The proposed building would be about 63 feet above Northern Parkway, compared to Blue Ocean’s plan for a building rising 89 feet, and the residences will be single rooms rather than apartments. Although it will be about the same height as The Falls at Roland Park, “it’s roughly 25 to 30 feet shorter than the last building,” Niazy said.
Claiborne is also willing to sign a memorandum of understanding with the neighborhoods stipulating that it won’t develop six acres of the site it would be acquiring from Blue Ocean, Niazy added.
John Marc Tolson Architecture of Bedford, Texas, is the architect.
Claiborne representatives did not respond to requests for information. According to its website, Claiborne is a family-owned company that offers a “luxury retirement lifestyle.” Its website lists 11 developments in four states: Georgia, Louisiana, South Carolina and Mississippi.
Contested in Court
In challenging Blue Ocean’s Overlook project, community residents argued that the land is governed by zoning restrictions that permit buildings to rise no more than 35 feet, and that Baltimore’s Planning Commission and City Council acted improperly in approving plans for a building that would rise 89 feet.

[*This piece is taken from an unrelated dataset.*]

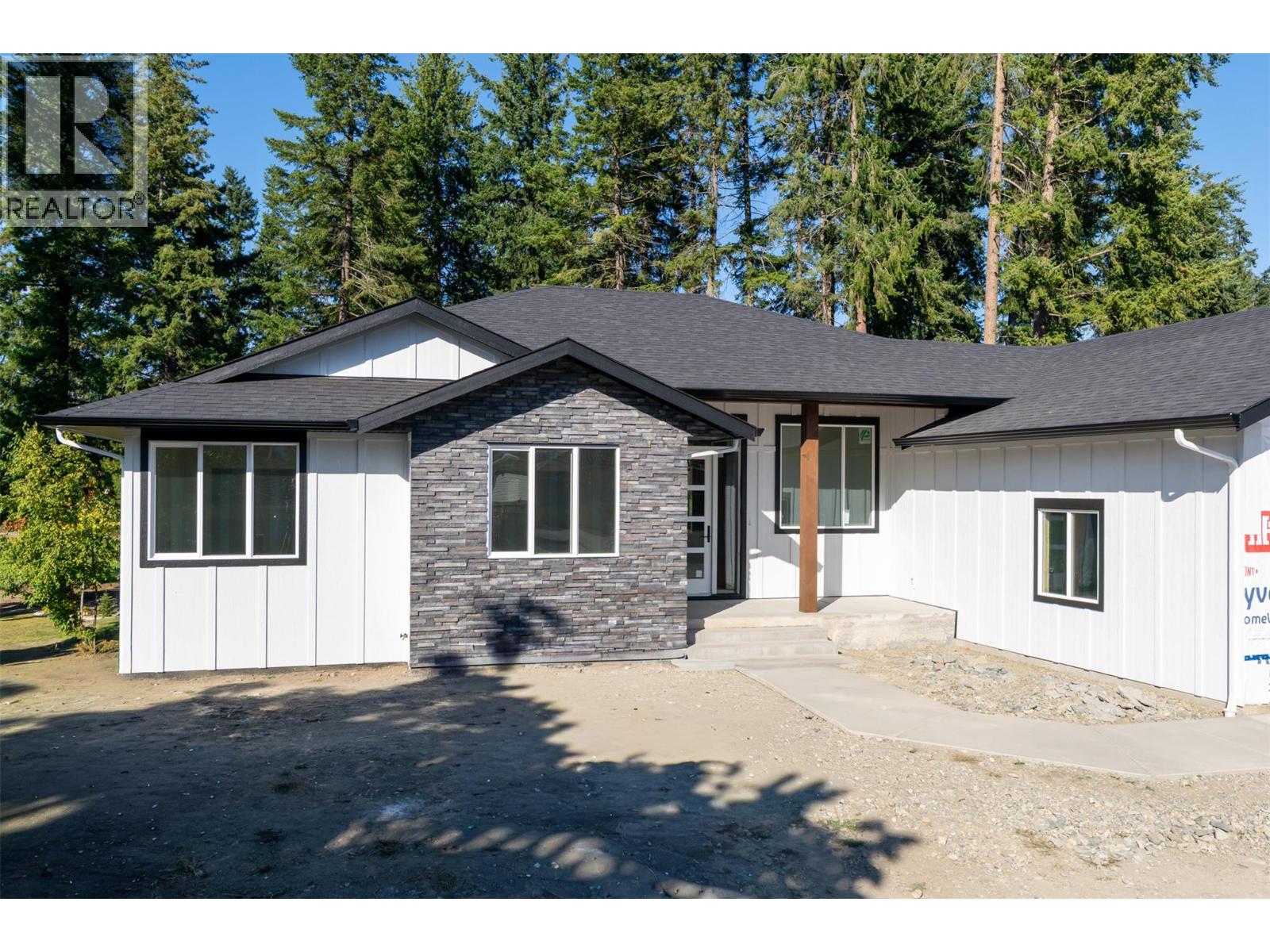 2520 Golf View Crescent, blind bay, British Columbia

Three different parties filed suit to have the approval vacated, and the case is currently before Maryland’s Court of Special Appeals.
It’s one of several recent challenges to decisions made by the city’s Planning Commission under former mayors Catherine Pugh and Bernard C. “Jack” Young, with other challenges coming from residents of Woodberry and Mount Vernon.
Based in Baltimore County, Blue Ocean controls 3,000 multifamily units and more than three million square feet of office and retail space.
Founder and CEO Ehrenfeld has been a prolific giver to local politicians. He’s used various LLCs controlled by Blue Ocean to funnel more than $10,000 to Baltimore County Executive Johnny Olszewski Jr., $3,000 to Baltimore County Councilman Israel “Izzy” Patoka, and $1,000 each to Governor Larry Hogan and then City Councilman Nick Mosby.
He and his companies have held fundraisers for Northwest Councilman Isaac “Yitzy” Schleifer and 41st District Delegate Dalya Attar as well as contributed to Baltimore’s last four mayors, including $1,000 to Brandon Scott after he won the Democratic Party mayoral primary.
An attorney for Blue Ocean did not respond to a request for information about the pending sale.
Niazy said Claiborne has a 30-day “due diligence” period to study the site, meet with area residents and decide whether to proceed with its project.
• Mark Reutter contributed to this article.